The analysis of time series has proven useful in providing insight into and information about the dynamics of many complex systems. We define a discrete time series of length N by {x₁, x₂,…,x_N} where each x_i is a realization of the random variable X_i for i = 1,2,…,N. When referring to a general time series, we will use {x_t} to denote the series and {X_t} to denote the underlying stochastic process from which the series was obtained.

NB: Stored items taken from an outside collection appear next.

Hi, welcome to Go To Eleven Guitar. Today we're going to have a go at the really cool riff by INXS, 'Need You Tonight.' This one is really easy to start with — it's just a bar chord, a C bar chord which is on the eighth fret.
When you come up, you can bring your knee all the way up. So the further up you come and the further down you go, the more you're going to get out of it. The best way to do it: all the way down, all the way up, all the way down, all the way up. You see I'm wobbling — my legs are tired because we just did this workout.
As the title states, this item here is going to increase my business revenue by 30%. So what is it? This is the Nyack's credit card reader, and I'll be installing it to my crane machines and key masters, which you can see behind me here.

Although the indexing variable t can refer to dimensions such as space, we will assume that the observations are ordered in time, and that the intervals are uniform.

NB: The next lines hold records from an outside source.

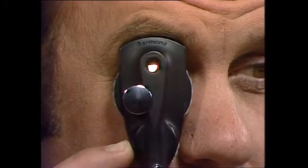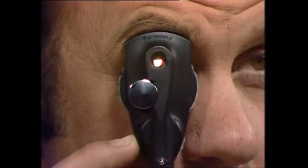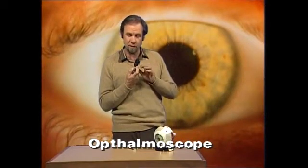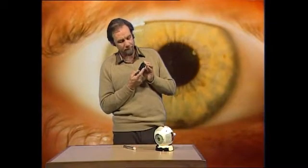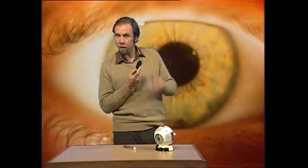Ever had your eyes tested? When they use this sort of thing on you, it's not terribly exciting. All you get is an eye full of light, very blinding for you. It's interesting for the person on the other end, because this is an ophthalmoscope — a very interesting device for allowing a doctor to look inside your eyes. You've probably noticed that he wields a little lever here, or turns a little wheel, and the thing clicks round. Why does he do it?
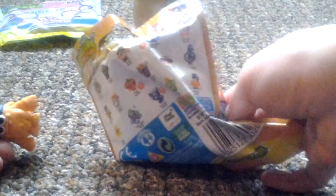Here it is, so let's see what we got. This is really hard to open for some reason, give me a minute. Okay, so our collector card is of Pipsy.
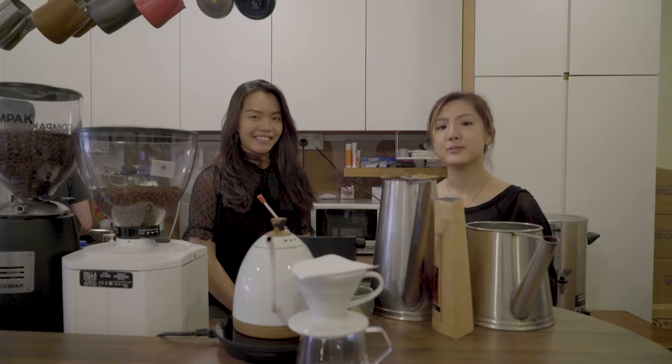Hi everyone, my name is Samantha and I'm from Tiongho Specialty Coffee. Today I'm going to walk through the brewing of traditional coffee.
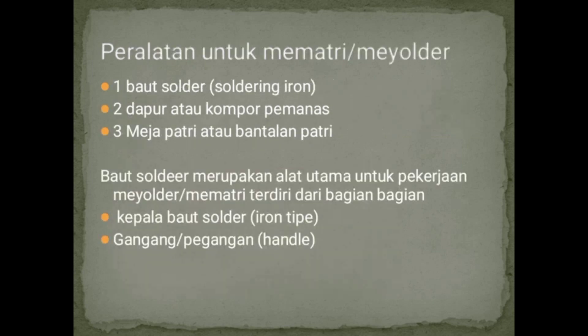Selanjutnya, peralatan untuk memateri atau menyolder: yang pertama adalah bahut solder, yang kedua dapur ataupun kompor pemanas, yang ketiga adalah meja bateri ataupun bantalan bateri. Bahut solder merupakan alat utama untuk pekerjaan menyolder ataupun memateri, yang terdiri dari bagian-bagian kepala bahut solder, gagang atau pegangan ataupun tangkai solder.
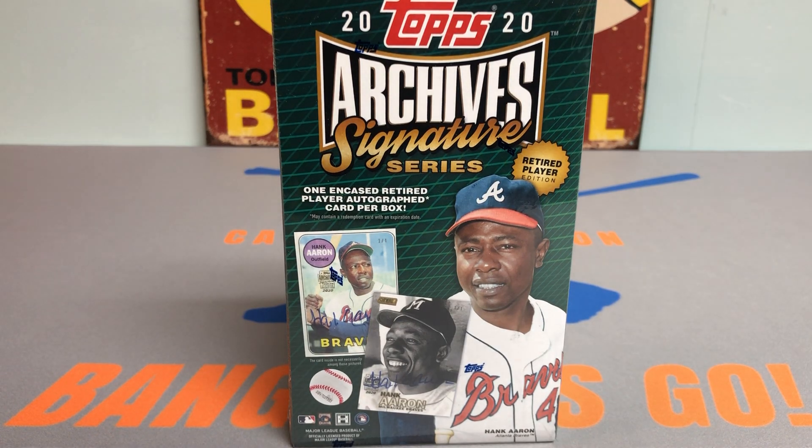Hey everybody, it's Peds Card Collection coming back at you with another video. Today we're going to be opening up a Hobby Box of 2020 Topps Archive Signature Series Retired Player Edition Baseball.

Of particular interest and importance in many scientific disciplines are stochastic processes which exhibit long memory characteristics [1–3]. A process is long memory if its correlations decay to zero so that the sum of the autocorrelations is infinite.

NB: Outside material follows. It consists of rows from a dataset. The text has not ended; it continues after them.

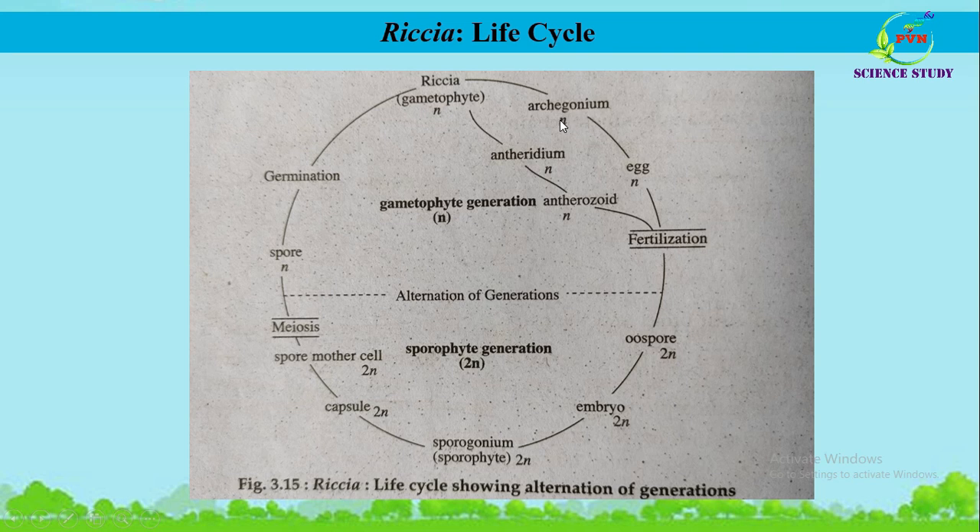Both the antheridium and archegonium are denoted as haploid (n). The archegonium produces the female gamete — the egg — and inside the antheridium, male gametes called antherozoids are produced. After maturity, the antherozoids are liberated and move towards the egg. When the antherozoids unite with the egg, this is known as fertilization — a phenomenon called chemotaxis, as the movement is directed by chemicals present in the mucilage. The product of fertilization is the oospore, which is diploid.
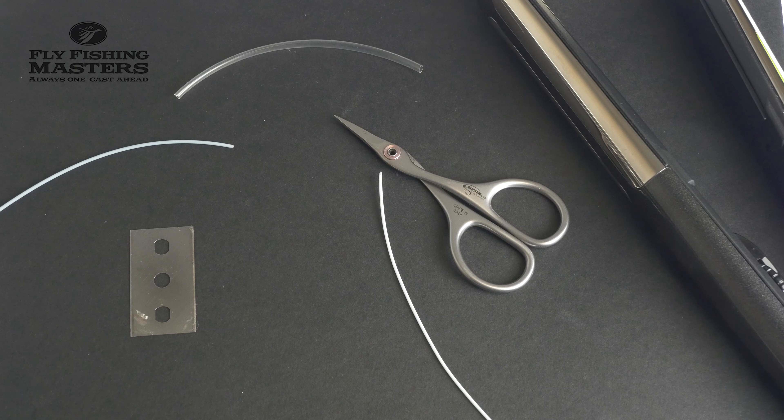Hello my friends. Today we are going to have a look at how to connect two fly lines with each other.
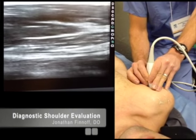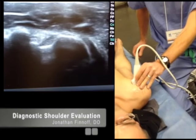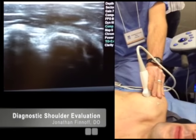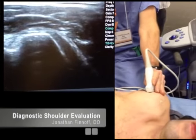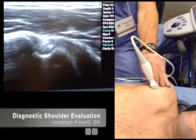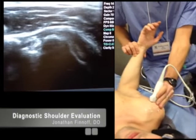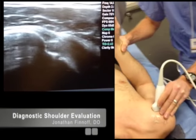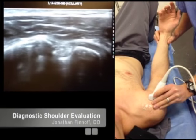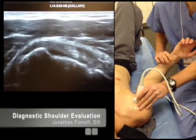After I've looked at it in short and long axis, I'm going to come back over the intertubercular groove and externally rotate while keeping the transducer centered over the top of that biceps tendon, then internally rotate. I'm going to look to see if the tendon subluxes or dislocates out of the bicipital groove — and his does not. After that, I'm going to externally rotate and move my transducer a little bit medial.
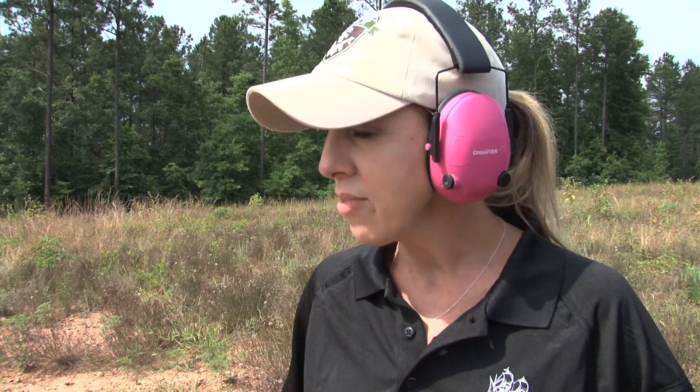All right, shooters. This drill is going to be called the box drill. Your target is out at 100 yards. I need you to pick a point of aim and fire one round. Since you're both using mil adjustments, I want you to dial one mil to the right, one mil up, one mil to the left, and one mil down, for a total of five rounds.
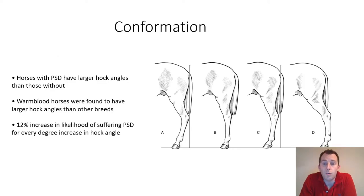The conformation of the horse will have a significant effect on the likelihood of suffering from proximal suspensory ligament desmitis. On this slide we have examples of different types of hind limb conformation, labelled A, B, C, and D, showing a change in angle at the hock and in position of the hind limb relative to the pelvis and stifle. It has been found that horses which suffer from proximal suspensory ligament desmitis typically have a larger hock angle than those that have not suffered from PSD.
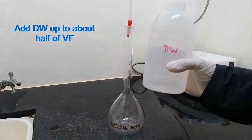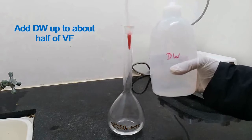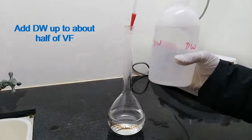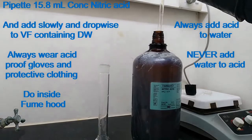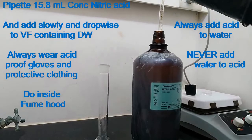Take a clean and dry 250 ml volumetric flask. Add distilled water up to about half of the volumetric flask. Measure 15.8 ml of concentrated nitric acid and add slowly and dropwise into the volumetric flask containing distilled water.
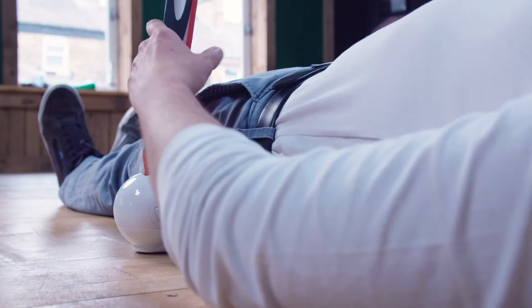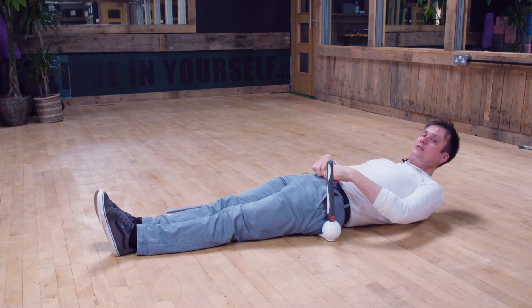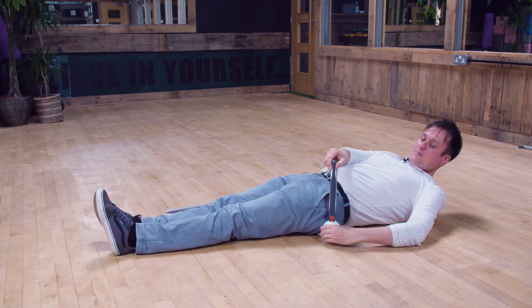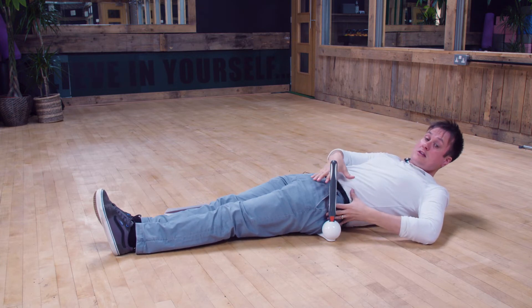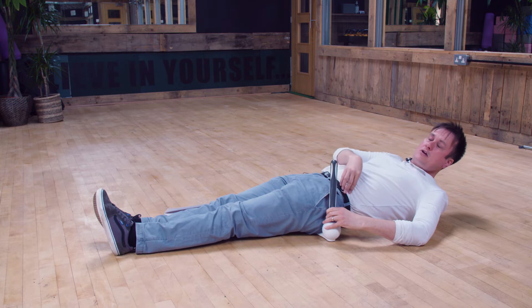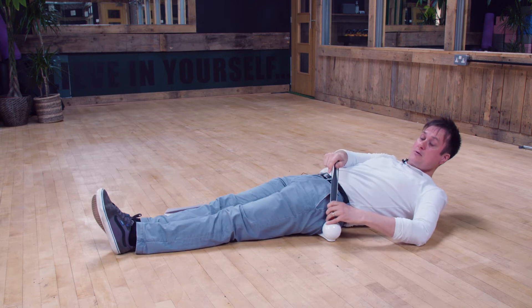Next, you need to feel for the hip — the bony point on your hip. It's usually found on your trouser line, around the belt area. The PelviPro spins around and you actually lay it on top of that bony point. If you're a bit bulky around the hip, try to get it as close to that hip bone as you can, but it doesn't necessarily mean you need to be on the hip bone. Anywhere close is absolutely fine.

Specifically, a stationary stochastic process X_t (E[X_t] = μ and var[X_t] = σ²) is a long memory process if there exists a real number α ∈ (0; 1) and a positive constant c_ρ such that

lim_{k \to \infty} \frac{ρ (k)}{c_{ρ} k^{- α}} = 1,

(1)

where ρ(k) = (E[X_t − μ,X_t−k − μ]) = σ², the autocorrelation function. Since 0 < α <1, $\sum_{k = - \infty}^{\infty} ρ (k) = \infty$ for a long-memory process. A long-memory process can also be defined in terms of power-law scaling in the frequency domain (as opposed to the correlation domain given in Eq. (1)). In particular, the stationary process described above is long memory if there exists a real number β ∈ (0, 1) and a positive constant c_h such that

lim_{f \to 0} \frac{h (f)}{c_{h} | f |^{- β}} = 1,

(2)

where h(·) represents the spectral density of X_t. Since $h (f) = σ^{2} {(2 π)}^{- 1} \sum_{k = - \infty}^{\infty} ρ (k) e^{i kf}$ , Eqs. (1) and (2) are theoretically equivalent (see Theorem 2.1 of [1]). However, this theoretical equivalence does not necessarily hold given a particular finite data set which may exhibit clear power-law scaling in one domain (correlation or frequency), but not the other. As the statistical procedures based on analysis in the correlation and frequency domains typically use the underlying data in quite different ways, analysis in each domain will highlight different aspects thereof [4]. For example, there is a long memory process with power-law scaling in its spectral density function, but the power-law scaling is limited to the low range of lags k in the autocorrelation function ρ(k) [5].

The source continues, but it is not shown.